Here, the row containing employee id as three will get deleted.

  1. SELECT and FROM

The SQL SELECT commands display data. It is possible to choose the data columns to display in the result. We write column names after SELECT and the table name after FROM.

Let us look at the following code –

SELECT empID, firstName, lastName

FROM Employee;

Here, we want to show the employee id, the employee’s first and last name from the Employee table. Executing the above statement will display data belonging to the mentioned columns only. This way, we don’t have to show the entire table.

  1. GROUP BY and COUNT

The GROUP BY command lets you group rows and aggregate data.

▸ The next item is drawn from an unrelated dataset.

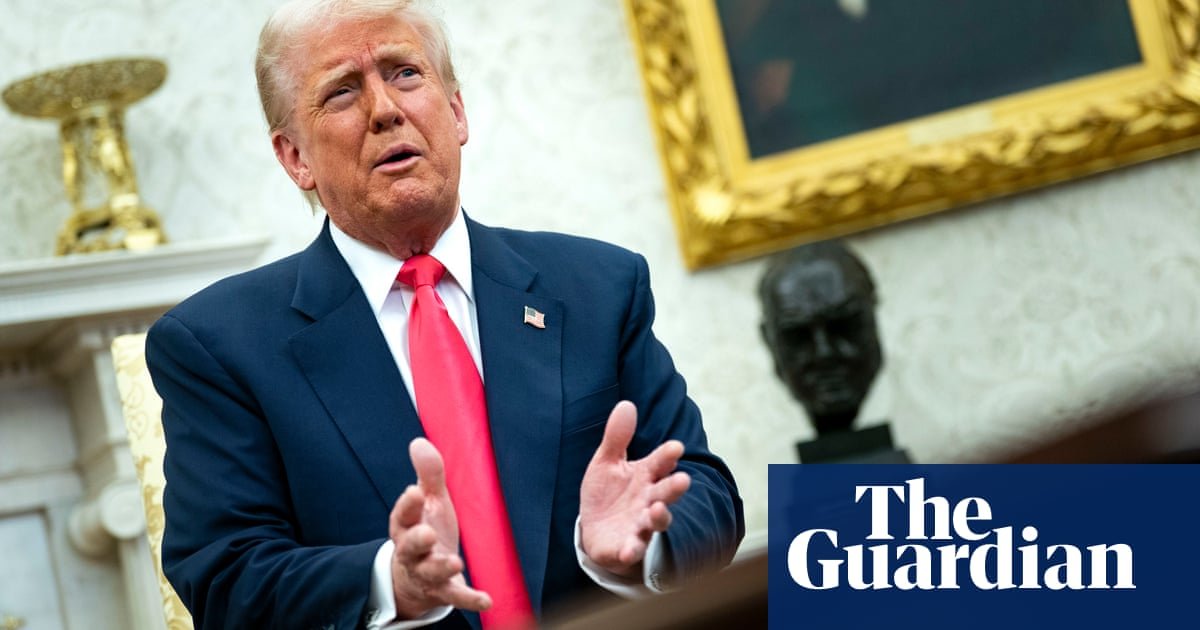 Trump condenou o uso de 'palestinos' como Sluur para atacar Schumer | Administração Trump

Here is a demonstration of the GROUP BY command –

SELECT COUNT(empID), empCity

FROM Employee

GROUP BY empCity;

This code will display the number of employees belonging to each city. The COUNT command counts the number of empIDs.

  1. HAVING

HAVING enables you to filter the data aggregated by the GROUP BY clause to display a limited recordset.

Demonstration –

SELECT COUNT(empID), empCity

FROM Employee

GROUP BY empCity

HAVING COUNT(empID) > 5;

Here, we will only see records with cities having less than five employees.

  1. ORDER BY

The ORDER BY command sorts results according to the items in the SELECT command. We can sort them in an ascending or descending order. The default sort order is ascending (ASC). We use DESC for sorting in descending order.

Example –

SELECT empID, firstName, lastName

FROM Employee

ORDER BY firstName DESC;

This code displays the employee id, first name and last name of employees belonging to the Employee table. The records are displayed in descending order of first names.

Conclusion

In this article, we learned about the basic SQL commands with examples. For beginners, these commands must be known and understood. There are a bunch of various other SQL commands that you can learn after understanding these standard ones. Having a good command of the Structured Query Language is pivotal for Data Scientists.